House price rises grinding to a halt

Category: Mortgages

Updated: 28/07/2010
First Published: 28/07/2010

This article was correct at the time of publication. It is now over 6 months old so the content may be out of date.

The rising cost of property in England and Wales has slowed to almost a stand-still, although price variations continue to fluctuate from region to region.

Across England and Wales, house prices crept up by just 0.1% in June, with the average price of a property climbing to £166,072, figures from the Land Registry show.

Over the last 12 months, prices have increased by an average of 8.4% and are now at the same level seen in the summer of 2006.

Owners of semi-detached homes have seen their properties increase by 9.6% in the 12 months since June last year.

The average price of a semi-detached abode ended June at £157,397, up from the £143,669 average 12 months previously.

Detached, flats and terraced homes increased in value by 9%, 8% and 7.7% respectively in the year to June.

All ten regions in England and Wales saw price increases from June 2009 to June 2010, with London unsurprisingly leading the way.

Prices rose by an average of 12.2% in the capital, with the borough of Kensington and Chelsea seeing values increase by more than a fifth (20.3%).

By contrast, the North East of England was the region to record the smallest annual growth, with prices up by just 0.7%, a figure hit by a price movement of -1.3% in June.

Despite this, it does appear that transaction levels are improving.
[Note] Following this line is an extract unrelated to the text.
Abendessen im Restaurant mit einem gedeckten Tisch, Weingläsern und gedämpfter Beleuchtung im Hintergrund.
Sales volumes average 44,114 per month from January to April this year, well up on the 32,041 during the same period in 2009.
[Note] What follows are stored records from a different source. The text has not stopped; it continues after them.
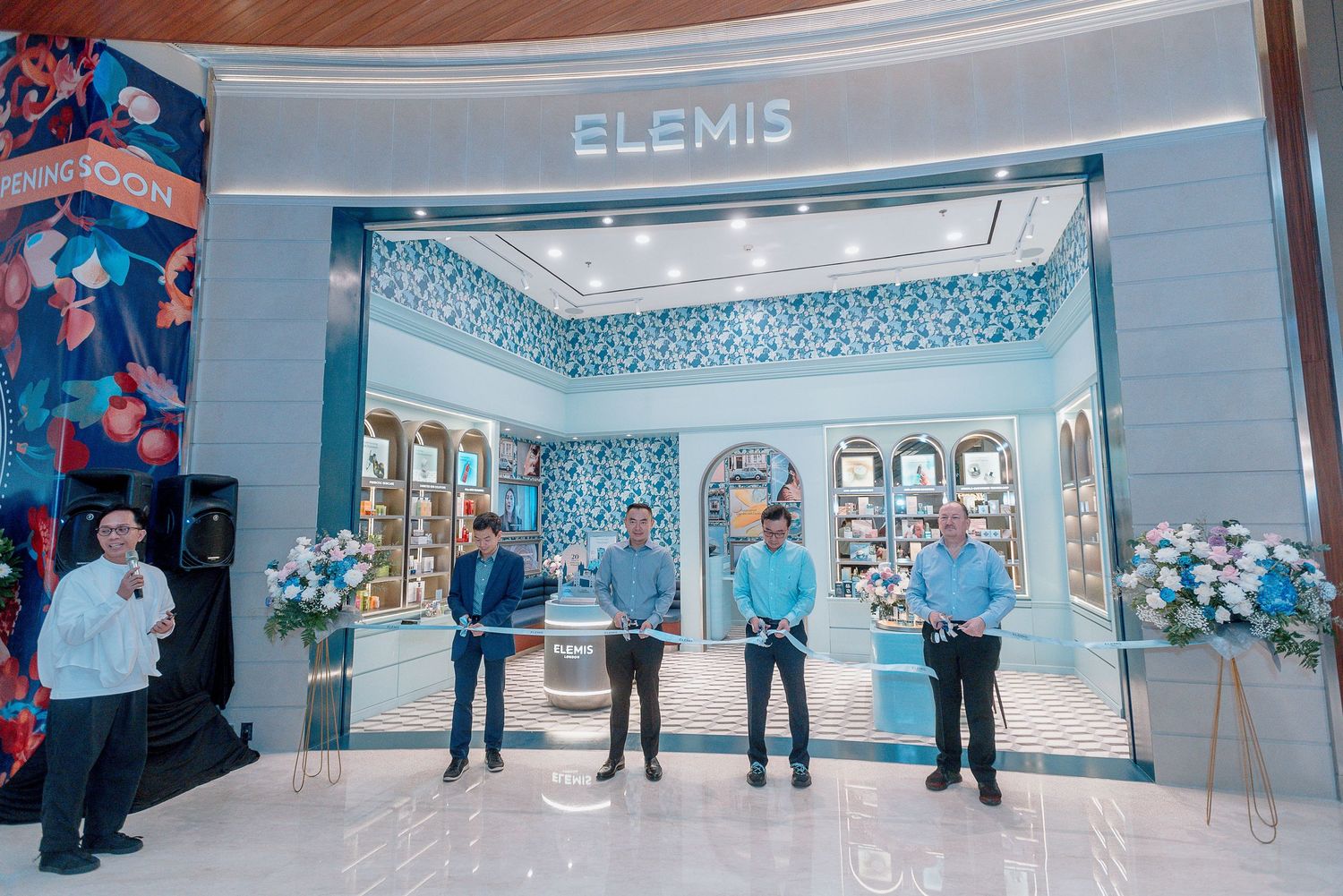 A bright blue and white Elemis beauty store storefront with staff standing outside in a shopping mall.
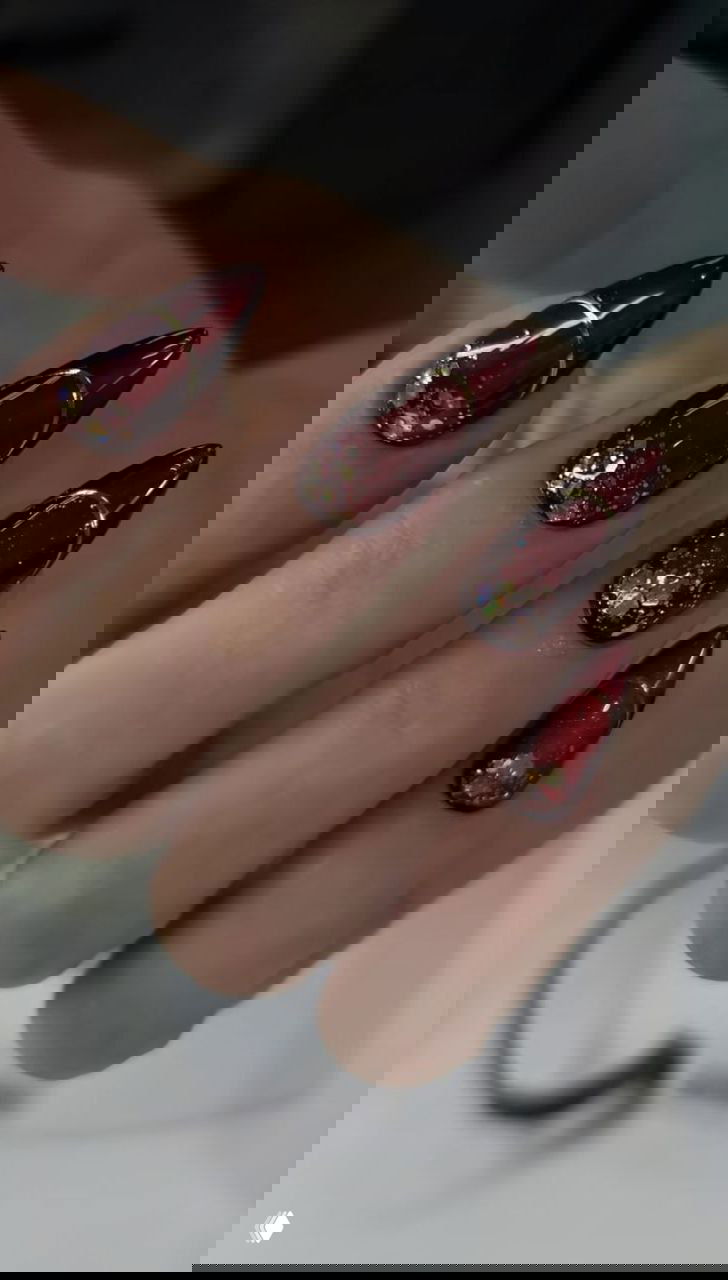 Близкий план тёмно‑красных ногтей с золотыми полосками и крупными сияющими кристаллами на безымянном пальце, студийная подсветка.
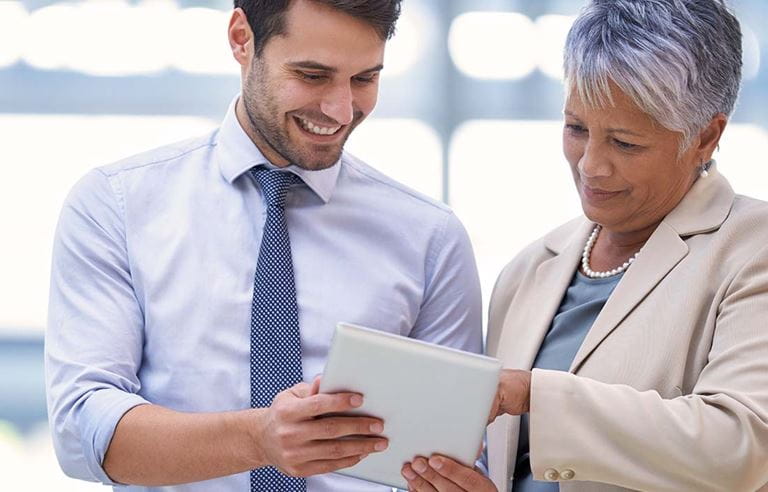 Image of two people looking at tablet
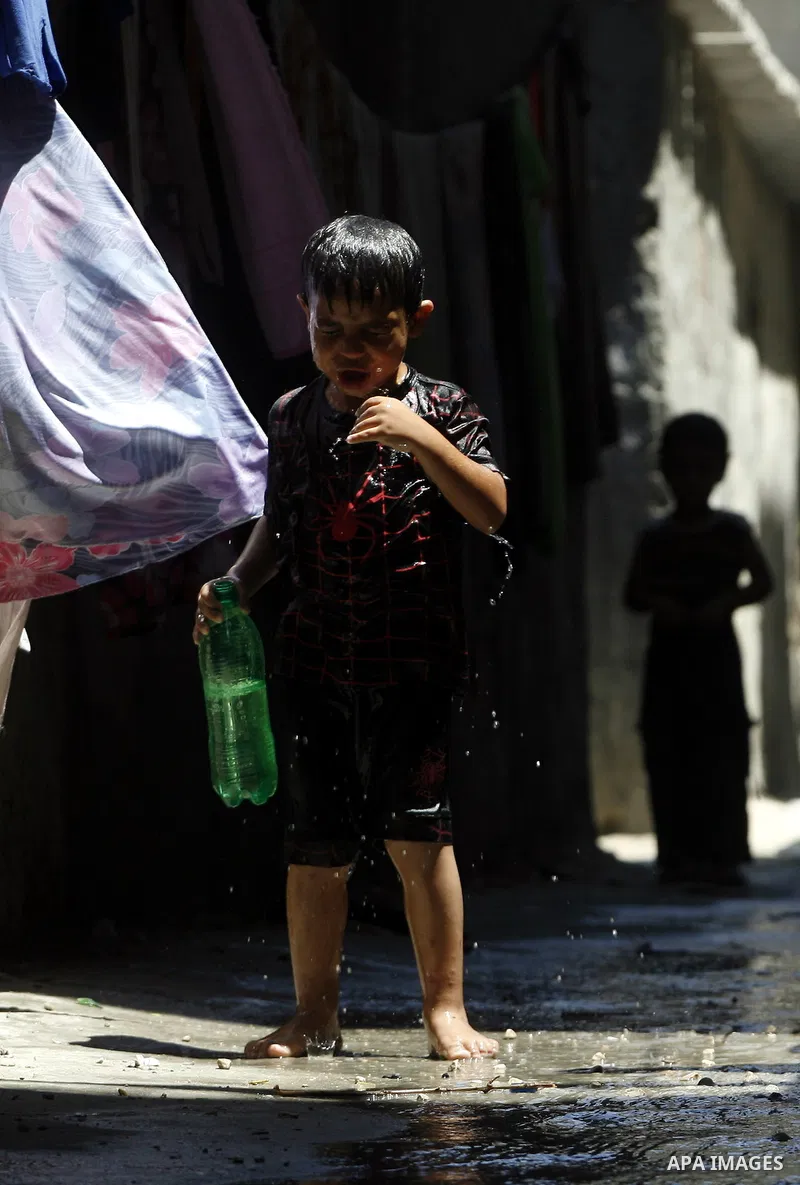 Palestinian children bathe outside their home in the Rafah refugee camp in the southern Gaza Strip on July 17, 2012. The temperature of the Gaza strip reaches more than 35 degrees Celsius and 50% humidity, Gazans escape...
The figures were tentatively welcomed by the National Association of Estate Agents (NAEA), although its chief executive, Peter Bolton King, warned that there are still major challenges in the mortgage market.

"The latest Land Registry statistics show that the housing market is slowly recovering. This is to be welcomed, but many people are still excluded from owning a home because lending remains unfairly restricted.

"There are enormous regional differences in house prices and in the state of the housing market recovery generally.

"Buyers, especially first time buyers, are confused and should take advice from professional NAEA members on their local market."